I read this article on body shaming last night and I was immediately agreeing with it. I was “guilty” of many of the points in the article and, by the end, I was swearing to myself that I would do better.

Then something very strange happened. I noticed a distinct feeling within me. It reeked of nostalgia. I felt like I was once again the girl who ran around the bay area, dancing naked on beaches, spinning fire in Golden Gate Park, and eating vegan treats at hot tub parties (this was before the gluten-free trend started up). The feeling struck me so firmly that I was able to stop and wonder if I have really changed, and what about this article brought up that past self.

I will start with the obvious. The article was posted on facebook by someone from the bay area. Of course it was. As far as my contact with it is concerned, the anti-body shaming movement radiates from the bay area. It fits in with the culture there. The ideals of radical acceptance, and an evolution of a young crop of burning man lovelies learning to love themselves. Having been there for years I can still give the, “right answers,” when it comes to questions about appearance, self-acceptance, and inclusive communities. It is something that has been ingrained in me, so when I read an article like that I can sit there and agree without really ingesting the thoughts behind it. To me, it is fluff that supports the dominant culture of that time and place, pretending to create new culture because that is part of the ‘value of progression’ that we crave.

That much is clear to me only because I have been away from the bay area for quite some time. I lived in Tucson for 3 years, and now I have been in Bulgaria and Turkey for four years. That is 7 years since I have been in that area, communing with those people, living that golden life of ‘love.’ But facebook does a pretty good job of making me feel like I am still connected with those people, ideals, and places. I wouldn’t say that I still feel like I am part of that community, but I feel like I am still sharing culture with them. This realization made me think about the culture I am in now.
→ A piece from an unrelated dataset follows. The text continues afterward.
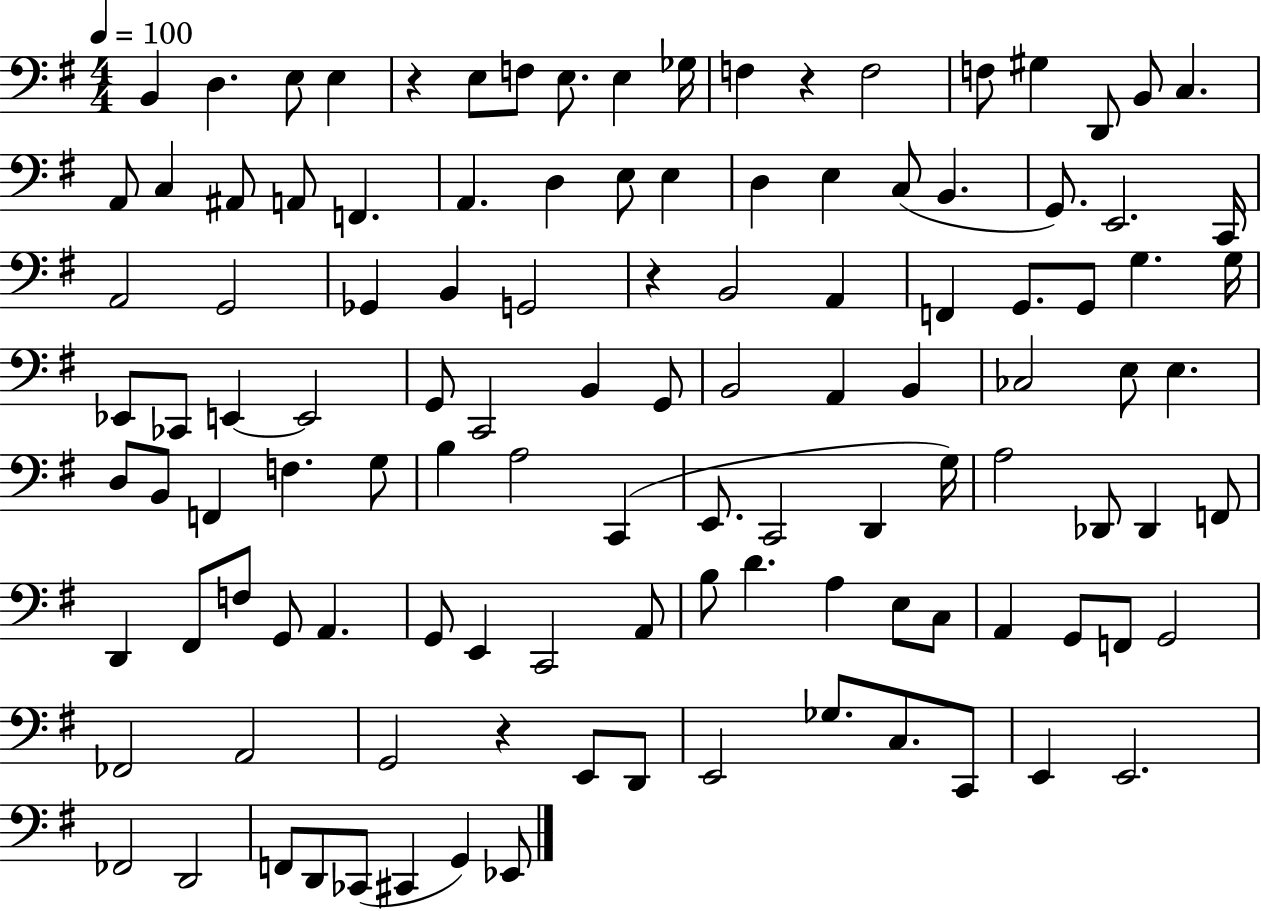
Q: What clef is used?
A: bass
I still skate on the surface of Bulgarian culture. For the two years that I was in Peace Corps I tried to dive into culture, and while I was moderately successful I was still holding onto the idea that I was temporary. Being temporary in a place makes me only semi-permeable. It is the open-ended possibility of forever that actually allows me to change. I have only been living in Bulgaria with a forever mindset for the past year, and in that year I have been rather holed up with my husband and his family. I definitely have no handle on Varna’s culture. However, I tried to imagine what people in Plovdiv or from my village would have said about that article. Would it bother them? Would they agree with it?
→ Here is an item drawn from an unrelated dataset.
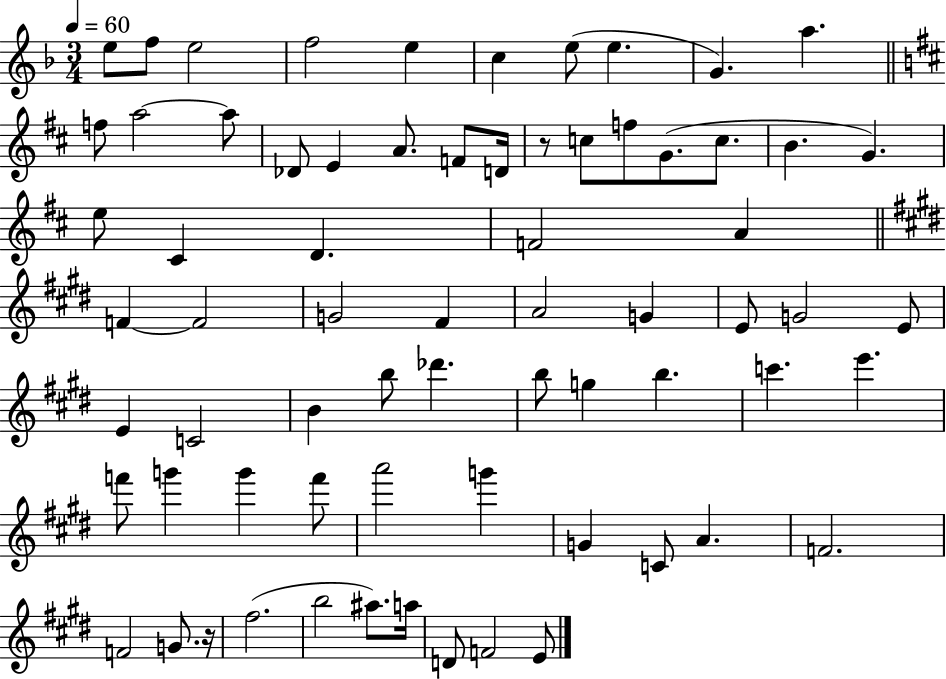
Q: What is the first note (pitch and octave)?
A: E5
In Bulgaria I have gotten used to everyone I know giving their two cents about what I should eat, or shouldn’t eat. They ask about my exercise. They definitely comment when I lose or gain weight. Older women are the worst about this. Most of them make wonderful food and then feed it to me until I pop, not allowing me to decline. All of this seems normal to me now. It doesn’t make me feel bad about my body when people comment on it. I just accept that bodies are more public property here (as far as the gaze is concerned) and weight and size are acceptable topics of conversation. Then there are girls who are living on coffee and cigarettes, and the occasional piece of cake, so they can be a size 0. Is that a problem caused by body shaming, or by the influence of western media? Do Bulgarians see body shaming as a problem? Is it a universal problem, or is it culturally embedded?

With the idea of how people should interact with others becoming more and more globalized I wonder where the lines of culture are drawn. ‘Shaming’ is a hot word, but is everything in that article actually shaming, or does it only cause shame when taken in the sensitive context of the hyper self-reflective bay area, and American culture in general?

This is one of those questions that I don’t have an answer to. It is new. It is something to think about. I am not trying to make any point in this post. I am definitely not saying one culture is better than the other. I am simply making an observation regarding my own cultural boundaries, triggers, and experiences. Maybe in a while I will come up with some theories, or at least a more coherent thought on the subject.